> **EXERCISE INSTRUCTIONS**:
Print the records below exactly, from the line containing "Here I have" down to the line containing "One solution is", both lines included, and omit every picture.

> **EXTRACTED ENTRIES**:
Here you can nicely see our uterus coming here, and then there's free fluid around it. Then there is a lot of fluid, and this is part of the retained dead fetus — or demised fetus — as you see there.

---

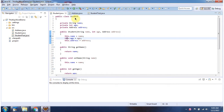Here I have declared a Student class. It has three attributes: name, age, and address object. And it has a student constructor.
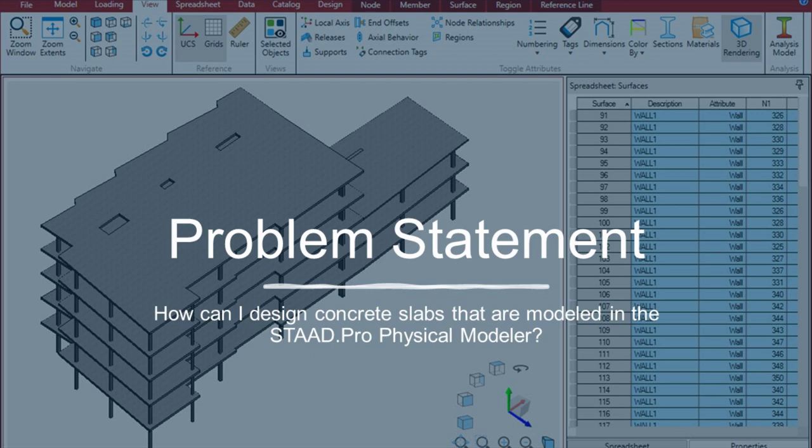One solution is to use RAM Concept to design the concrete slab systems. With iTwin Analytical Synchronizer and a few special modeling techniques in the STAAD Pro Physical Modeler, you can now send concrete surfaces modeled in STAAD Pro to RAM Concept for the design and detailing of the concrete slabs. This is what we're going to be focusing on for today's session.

> **SOLUTION TO THIS TASK**:
Here I have declared a Student class. It has three attributes: name, age, and address object. And it has a student constructor.
One solution is to use RAM Concept to design the concrete slab systems. With iTwin Analytical Synchronizer and a few special modeling techniques in the STAAD Pro Physical Modeler, you can now send concrete surfaces modeled in STAAD Pro to RAM Concept for the design and detailing of the concrete slabs. This is what we're going to be focusing on for today's session.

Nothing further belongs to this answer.